**Work to complete:**
Of the lines in the material below, print only those from the one containing "Christopher Knight Home" to the one containing "TULAROSA Floral Off", ends included, exactly as written and without pictures.

**Information:**
↓↓↓
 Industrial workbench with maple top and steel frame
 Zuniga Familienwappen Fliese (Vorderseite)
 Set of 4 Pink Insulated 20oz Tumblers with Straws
↑↑↑
↓↓↓
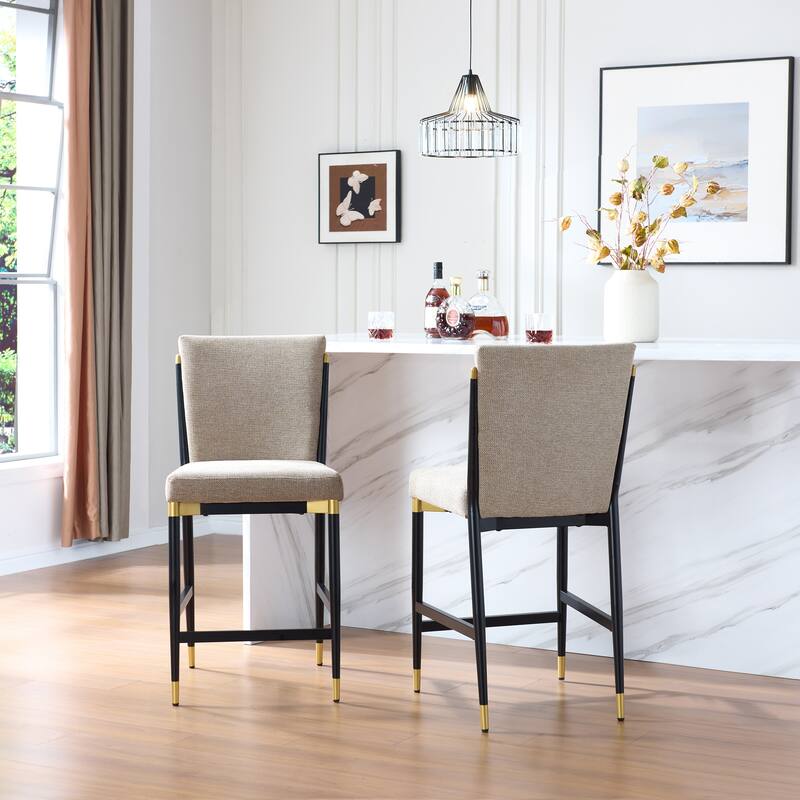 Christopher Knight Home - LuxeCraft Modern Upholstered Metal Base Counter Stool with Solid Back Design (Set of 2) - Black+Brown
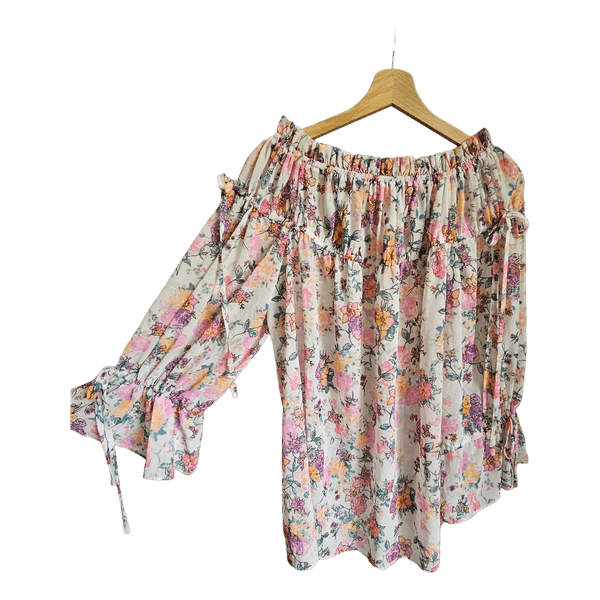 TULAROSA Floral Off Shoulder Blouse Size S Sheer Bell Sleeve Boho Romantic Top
↑↑↑
↓↓↓
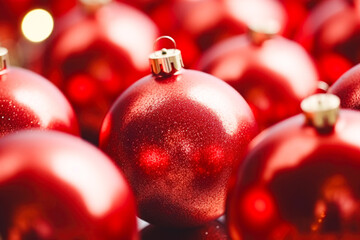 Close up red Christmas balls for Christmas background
↑↑↑
**Problem solution:**
 Christopher Knight Home - LuxeCraft Modern Upholstered Metal Base Counter Stool with Solid Back Design (Set of 2) - Black+Brown
 TULAROSA Floral Off Shoulder Blouse Size S Sheer Bell Sleeve Boho Romantic Top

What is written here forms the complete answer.